The German cabinet has approved a plan to extend Germany's participation in an EU operation against people smugglers. The new campaign is aimed at stemming the flood of illegal weapons into Libya.
Chancellor Angela Merkel's cabinet will expand the role of the German navy in the Mediterranean Sea to include efforts to stop arms headed to "Islamic State" militants in Libya. The mandate also covers work to help Libya build up a coastal patrol and navy.
The plan - expected to get parliamentary approval in the coming weeks - will see the German military expand its personnel deployment from 400 to 950 over the next 12 months.
Germany has so far contributed logistics ship to the EU mission, and German soldiers have helped rescue about 15,000 people at sea since May 2015, according to the German military.

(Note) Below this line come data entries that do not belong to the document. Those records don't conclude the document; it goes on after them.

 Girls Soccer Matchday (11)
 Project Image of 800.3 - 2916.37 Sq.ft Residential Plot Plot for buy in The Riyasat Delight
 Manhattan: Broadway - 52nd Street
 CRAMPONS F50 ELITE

The government has set aside a total of 45.3 million euros ($51.2 million) for its participation in the mission.
German Defense Minister Ursula von der Leyen said Germany had an interest in creating "more order" along the border to Europe. "And it's important that the character of the mandate is being expanded to focus more on the root causes of the refugee streams," she said.

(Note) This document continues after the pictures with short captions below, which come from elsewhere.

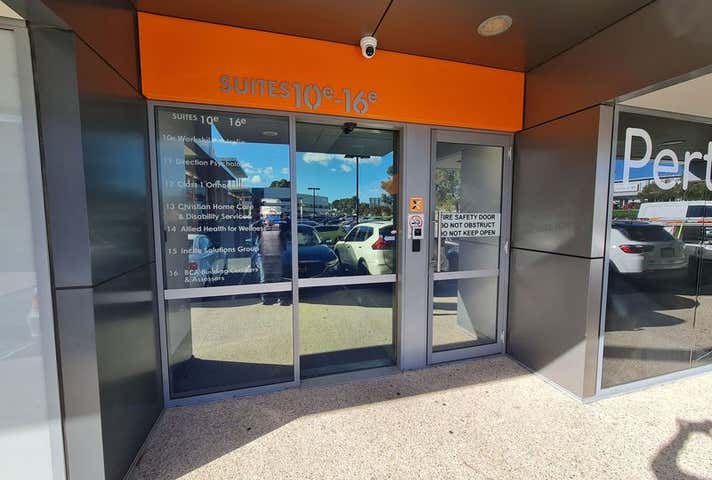 Plaza 817, 16E/817 Beeliar Drive Cockburn Central WA 6164 - Image 26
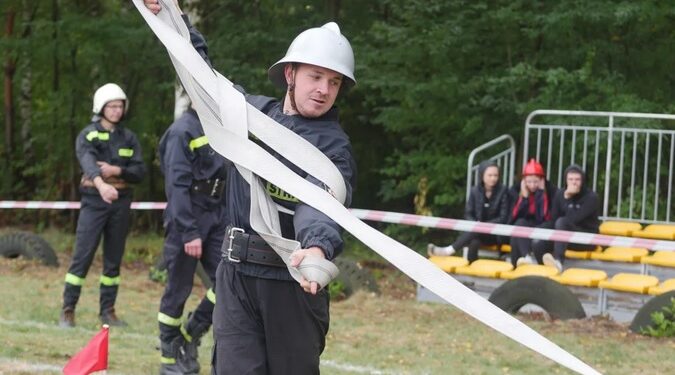 Mielec: Znamy najlepsze drużyny powiatowe OSP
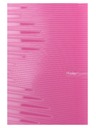 Travelite Set putnih koffera Travelite Pacific S,M,L Pink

The decision comes after the European Union gave its naval force authority to search suspicious vessels as part of its "Operation Sophia" mission, which is also seeking to break up gangs smuggling migrants to Europe.
Sophia was set up by the EU in 2015 to patrol international waters off Libya and arrest suspected migrant smugglers.
Libya is subject to an arms embargo, although the United Nations has said that weapons are being passed through countries including Egypt, Turkey and the United Arab Emirates illegally.